Eric Dumazet <eric.dumazet@xxxxxxxxx> · Fri, 30 Aug 2019 18:15:22 +0200

On 8/30/19 5:25 PM, Qian Cai wrote:
> On Fri, 2019-08-30 at 17:11 +0200, Eric Dumazet wrote:
>>
>> On 8/30/19 4:57 PM, Qian Cai wrote:
>>> When running heavy memory pressure workloads, the system is throwing
>>> endless warnings below due to the allocation could fail from
>>> __build_skb(), and the volume of this call could be huge which may
>>> generate a lot of serial console output and cosumes all CPUs as
>>> warn_alloc() could be expensive by calling dump_stack() and then
>>> show_mem().
>>>
>>> Fix it by silencing the warning in this call site.

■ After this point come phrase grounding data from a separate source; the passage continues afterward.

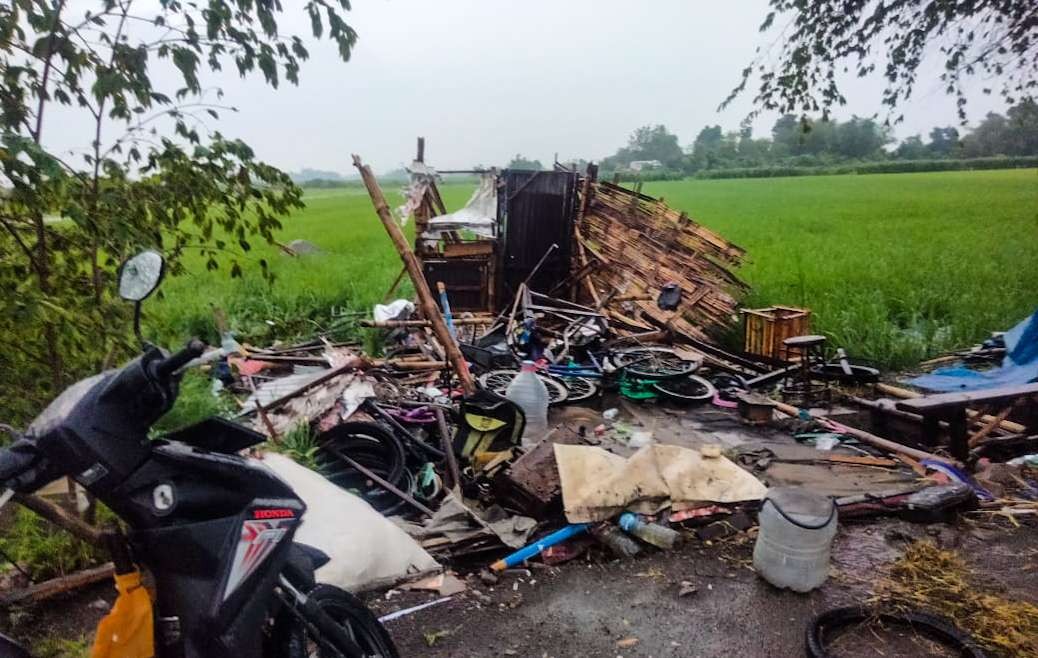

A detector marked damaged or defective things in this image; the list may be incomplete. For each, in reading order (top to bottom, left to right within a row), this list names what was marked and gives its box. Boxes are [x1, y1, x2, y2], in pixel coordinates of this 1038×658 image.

broken wood pile [581, 180, 751, 342] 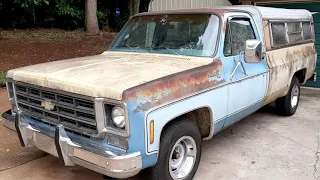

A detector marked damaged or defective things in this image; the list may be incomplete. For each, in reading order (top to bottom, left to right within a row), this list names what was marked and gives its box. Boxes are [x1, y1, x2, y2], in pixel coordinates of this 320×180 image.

rusty truck hood [7, 51, 214, 100]
rust patch [122, 59, 225, 112] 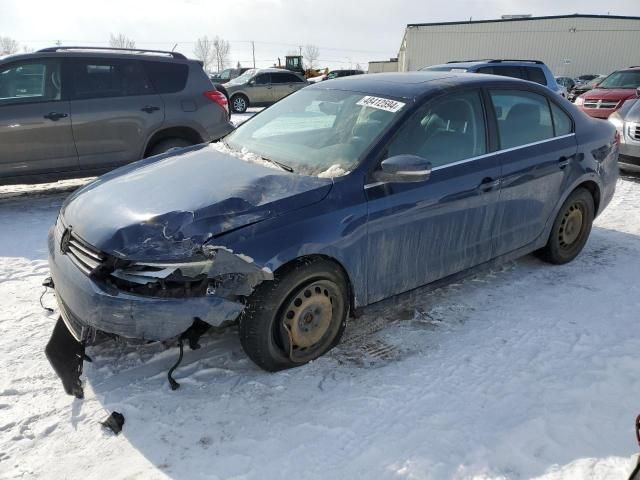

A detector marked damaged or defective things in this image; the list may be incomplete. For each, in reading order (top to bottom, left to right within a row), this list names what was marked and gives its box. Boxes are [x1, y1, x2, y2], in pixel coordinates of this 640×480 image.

front bumper damage [43, 223, 274, 396]
crumpled hood [62, 144, 332, 260]
damaged blue volkswagen jetta [45, 70, 616, 394] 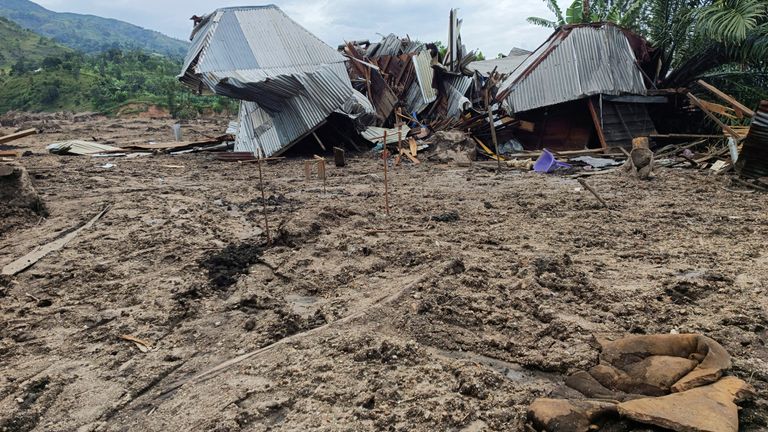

Also, it seems
>>> unnecessary to even print a warning at all if the allocation failed in
>>> __build_skb(), as it may just retransmit the packet and retry.
>>>
>>
>> Same patches are showing up there and there from time to time.
>>
>> Why is this particular spot interesting, against all others not adding
>> __GFP_NOWARN ?
>>
>> Are we going to have hundred of patches adding __GFP_NOWARN at various points,
>> or should we get something generic to not flood the syslog in case of memory
>> pressure ?
>>
> 
> From my testing which uses LTP oom* tests. There are only 3 places need to be
> patched. The other two are in IOMMU code for both Intel and AMD. The place is
> particular interesting because it could cause the system with floating serial
> console output for days without making progress in OOM. I suppose it ends up in
> a looping condition that warn_alloc() would end up generating more calls into
> __build_skb() via ksoftirqd.
> 

Yes, but what about other tests done by other people ?

You do not really answer my last question, which was really the point I tried
to make.

If there is a risk of flooding the syslog, we should fix this generically
in mm layer, not adding hundred of __GFP_NOWARN all over the places.

Maybe just make __GFP_NOWARN the default, I dunno.